INPUT >>
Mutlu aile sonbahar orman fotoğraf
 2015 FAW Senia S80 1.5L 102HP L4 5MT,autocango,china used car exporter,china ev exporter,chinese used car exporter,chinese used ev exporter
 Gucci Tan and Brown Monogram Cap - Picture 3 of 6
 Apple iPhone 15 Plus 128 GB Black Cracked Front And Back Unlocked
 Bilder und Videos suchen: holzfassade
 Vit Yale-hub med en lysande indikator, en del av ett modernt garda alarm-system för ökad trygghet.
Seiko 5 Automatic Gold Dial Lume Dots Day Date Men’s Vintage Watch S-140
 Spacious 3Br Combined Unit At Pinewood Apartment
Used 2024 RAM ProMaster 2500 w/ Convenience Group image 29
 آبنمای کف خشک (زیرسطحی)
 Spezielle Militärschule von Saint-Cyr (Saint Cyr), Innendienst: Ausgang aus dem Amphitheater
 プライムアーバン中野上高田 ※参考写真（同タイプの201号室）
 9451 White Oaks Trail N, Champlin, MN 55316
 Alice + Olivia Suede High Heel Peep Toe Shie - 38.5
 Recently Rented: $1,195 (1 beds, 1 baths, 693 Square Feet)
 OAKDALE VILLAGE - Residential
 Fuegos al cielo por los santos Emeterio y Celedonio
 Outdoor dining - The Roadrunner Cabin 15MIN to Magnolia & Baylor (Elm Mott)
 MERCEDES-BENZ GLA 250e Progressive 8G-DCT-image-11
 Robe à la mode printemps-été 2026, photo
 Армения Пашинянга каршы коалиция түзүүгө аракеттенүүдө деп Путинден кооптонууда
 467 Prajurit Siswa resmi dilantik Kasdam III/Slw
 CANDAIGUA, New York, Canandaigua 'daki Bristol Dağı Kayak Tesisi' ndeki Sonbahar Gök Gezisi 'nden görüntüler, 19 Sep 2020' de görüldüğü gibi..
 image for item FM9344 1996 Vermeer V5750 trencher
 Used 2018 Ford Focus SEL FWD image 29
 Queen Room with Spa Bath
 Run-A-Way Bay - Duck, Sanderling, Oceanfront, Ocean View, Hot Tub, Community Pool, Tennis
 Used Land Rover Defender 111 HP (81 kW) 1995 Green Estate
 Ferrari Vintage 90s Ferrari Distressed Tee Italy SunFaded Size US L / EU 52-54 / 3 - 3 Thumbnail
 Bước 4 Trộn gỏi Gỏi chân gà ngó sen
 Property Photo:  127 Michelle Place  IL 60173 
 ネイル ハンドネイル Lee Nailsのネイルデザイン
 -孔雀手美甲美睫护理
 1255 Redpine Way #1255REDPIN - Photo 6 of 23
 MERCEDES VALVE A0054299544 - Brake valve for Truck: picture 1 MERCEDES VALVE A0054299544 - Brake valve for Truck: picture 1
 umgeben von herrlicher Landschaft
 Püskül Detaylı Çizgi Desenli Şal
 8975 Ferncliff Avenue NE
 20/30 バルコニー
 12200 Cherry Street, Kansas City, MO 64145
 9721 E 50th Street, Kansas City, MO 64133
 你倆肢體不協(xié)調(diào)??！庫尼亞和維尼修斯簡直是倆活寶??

PROBLEM DESCRIPTION >>
One number is all the reply should hold: how many lines in these records include the word "Kansas".

FINAL ANSWER >>
2